Could you please reproduce every record below exactly, leaving out the pictures?

── GIVEN RECORDS

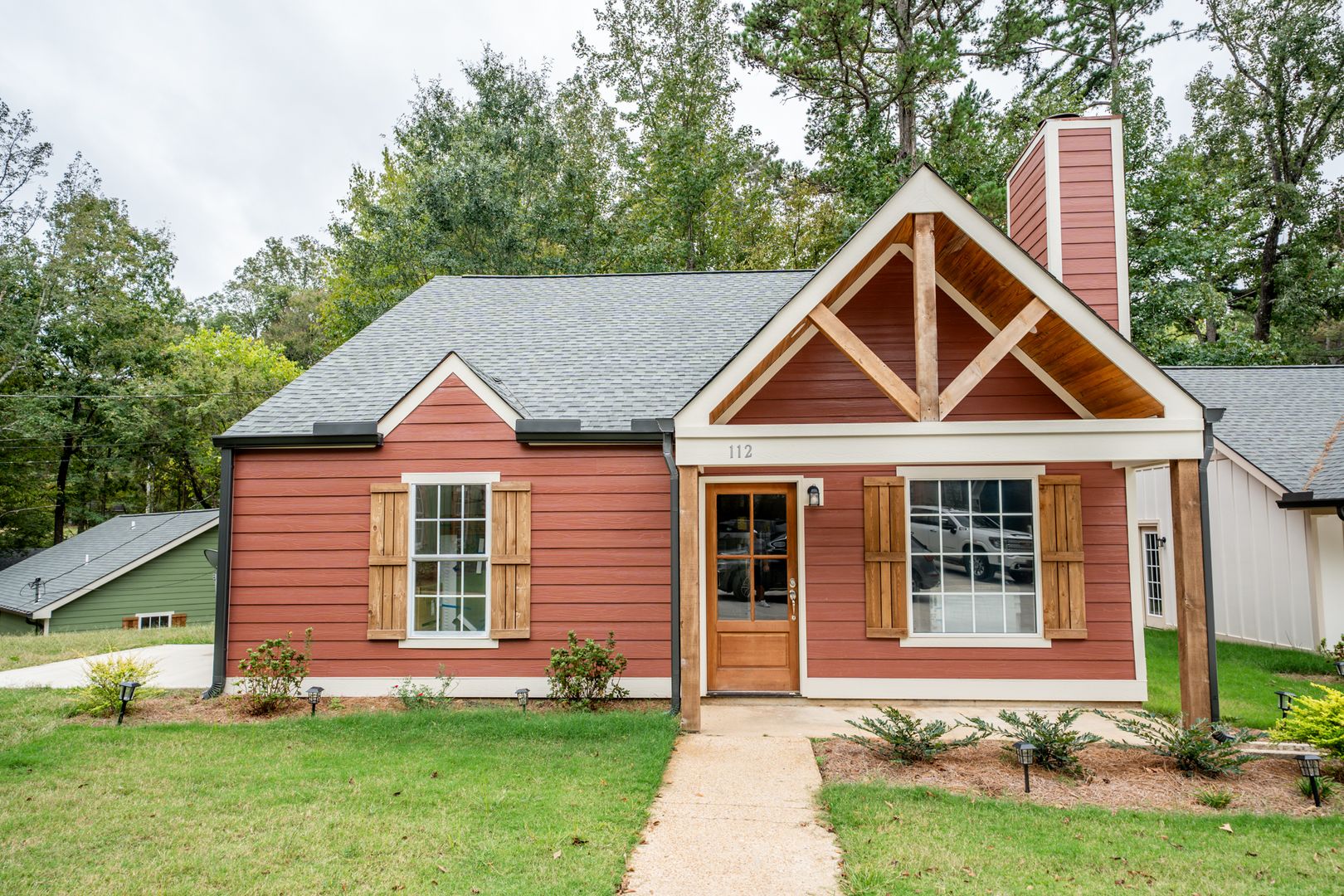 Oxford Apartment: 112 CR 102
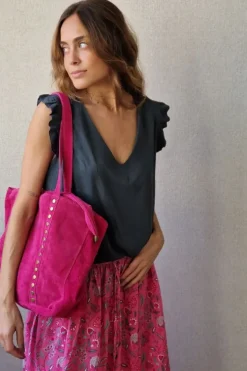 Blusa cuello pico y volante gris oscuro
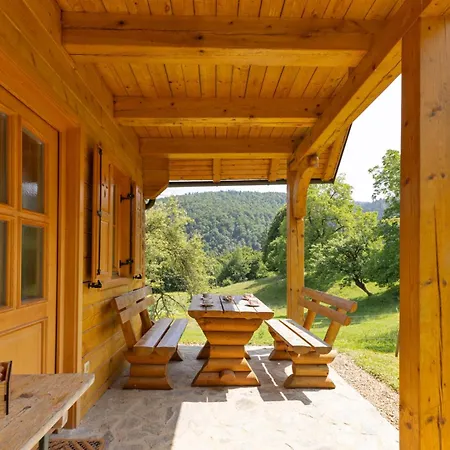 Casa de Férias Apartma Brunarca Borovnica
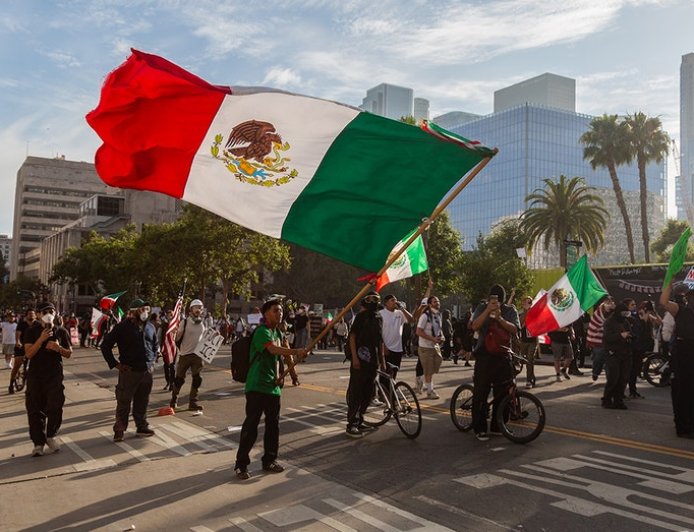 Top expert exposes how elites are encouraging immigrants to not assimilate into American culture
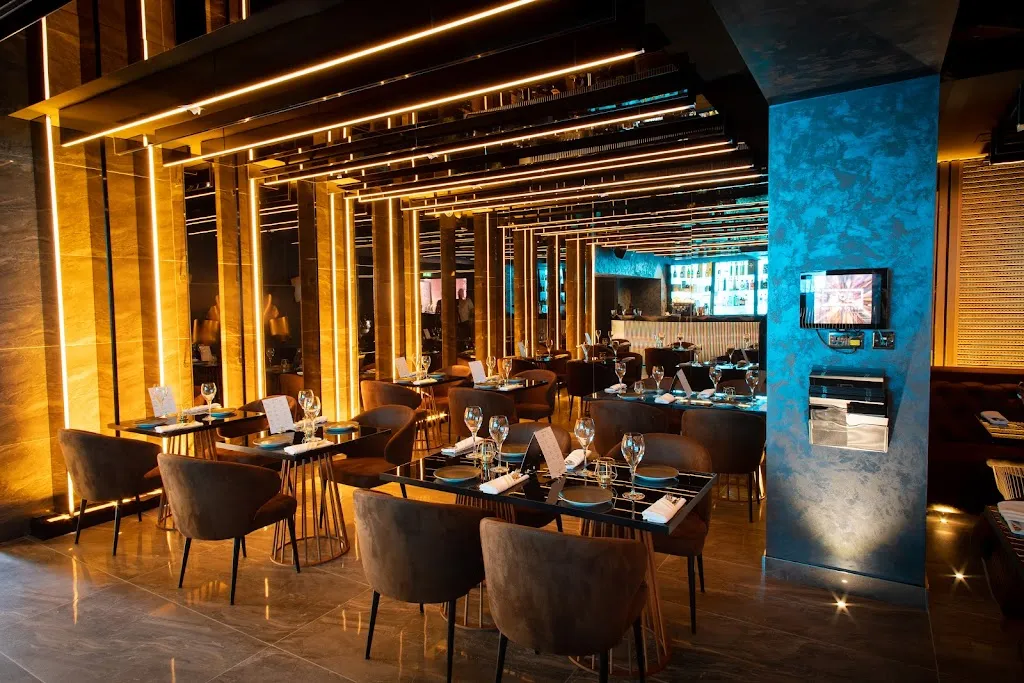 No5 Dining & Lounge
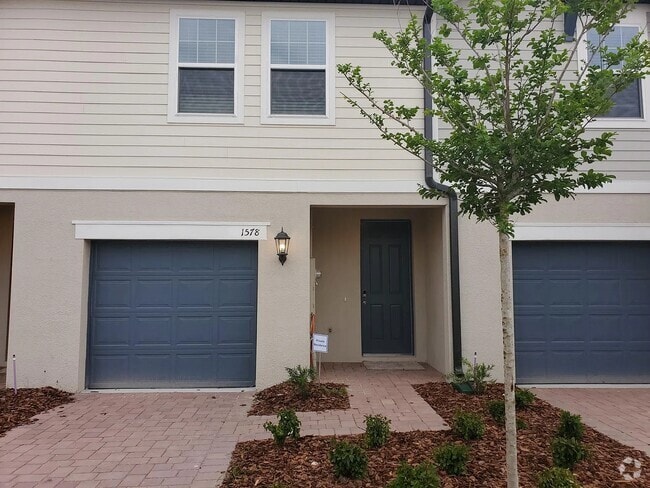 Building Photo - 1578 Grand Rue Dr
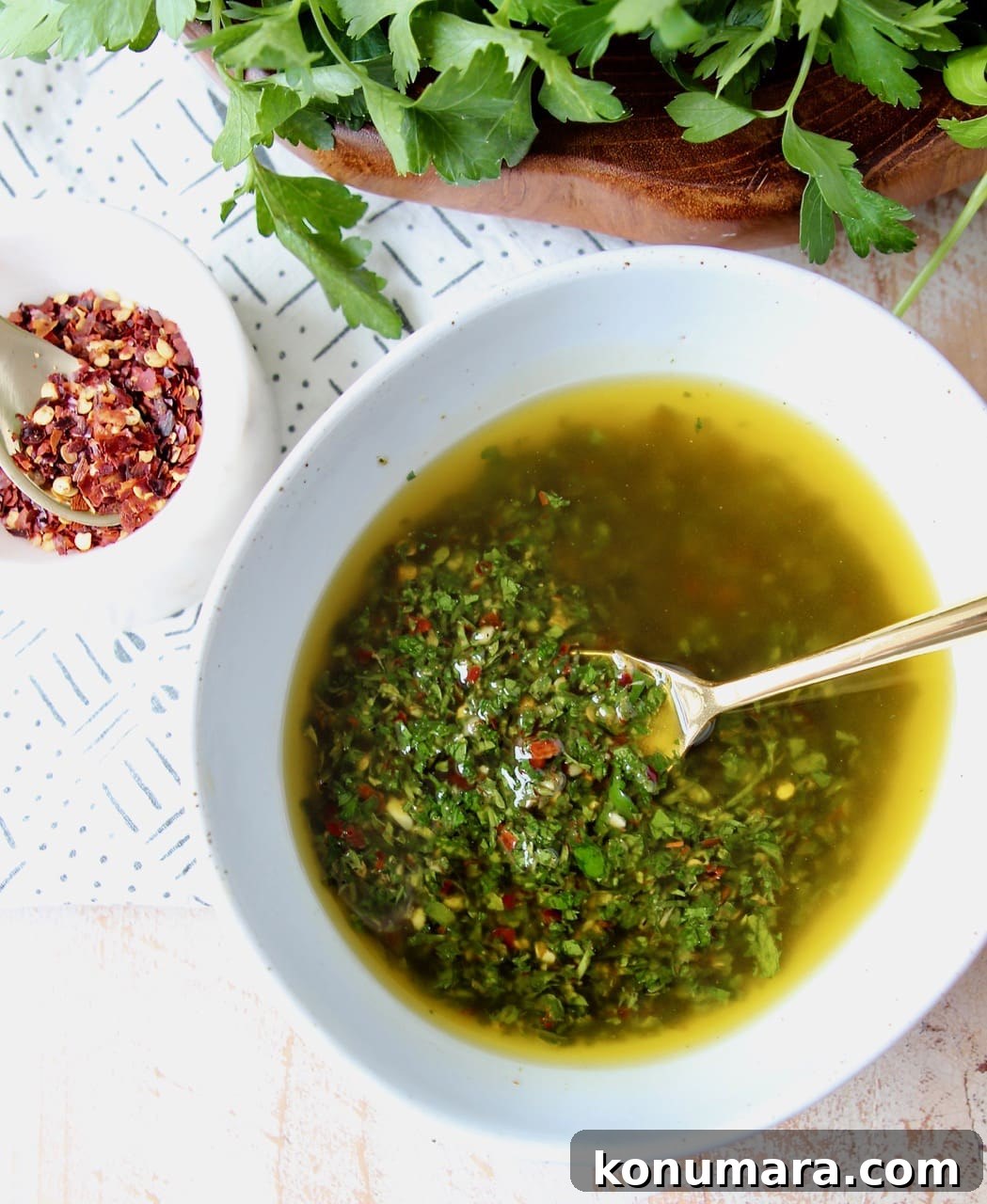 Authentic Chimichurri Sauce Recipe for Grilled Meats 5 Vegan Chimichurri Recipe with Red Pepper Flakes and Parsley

────

**YOUR SOLUTION:**
 Oxford Apartment: 112 CR 102
 Blusa cuello pico y volante gris oscuro
 Casa de Férias Apartma Brunarca Borovnica
 Top expert exposes how elites are encouraging immigrants to not assimilate into American culture
 No5 Dining & Lounge
 Building Photo - 1578 Grand Rue Dr
 Authentic Chimichurri Sauce Recipe for Grilled Meats 5 Vegan Chimichurri Recipe with Red Pepper Flakes and Parsley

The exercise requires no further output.